*** DATA LISTING Section Begins ***

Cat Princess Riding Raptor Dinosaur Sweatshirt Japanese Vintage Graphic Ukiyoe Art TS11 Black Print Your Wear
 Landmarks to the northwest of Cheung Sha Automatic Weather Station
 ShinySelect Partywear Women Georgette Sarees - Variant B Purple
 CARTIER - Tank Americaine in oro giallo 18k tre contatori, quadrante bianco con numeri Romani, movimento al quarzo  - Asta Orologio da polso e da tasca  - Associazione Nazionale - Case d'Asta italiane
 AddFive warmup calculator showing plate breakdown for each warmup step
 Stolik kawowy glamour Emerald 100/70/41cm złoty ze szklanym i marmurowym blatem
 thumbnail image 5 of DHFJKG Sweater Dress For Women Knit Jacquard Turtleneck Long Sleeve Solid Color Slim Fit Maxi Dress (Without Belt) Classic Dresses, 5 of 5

*** DATA LISTING Section Ends ***

_ACTIVITY_: Repeat the records above in full, word for word.

_SOLUTION FOR THIS EXERCISE_:
Cat Princess Riding Raptor Dinosaur Sweatshirt Japanese Vintage Graphic Ukiyoe Art TS11 Black Print Your Wear
 Landmarks to the northwest of Cheung Sha Automatic Weather Station
 ShinySelect Partywear Women Georgette Sarees - Variant B Purple
 CARTIER - Tank Americaine in oro giallo 18k tre contatori, quadrante bianco con numeri Romani, movimento al quarzo  - Asta Orologio da polso e da tasca  - Associazione Nazionale - Case d'Asta italiane
 AddFive warmup calculator showing plate breakdown for each warmup step
 Stolik kawowy glamour Emerald 100/70/41cm złoty ze szklanym i marmurowym blatem
 thumbnail image 5 of DHFJKG Sweater Dress For Women Knit Jacquard Turtleneck Long Sleeve Solid Color Slim Fit Maxi Dress (Without Belt) Classic Dresses, 5 of 5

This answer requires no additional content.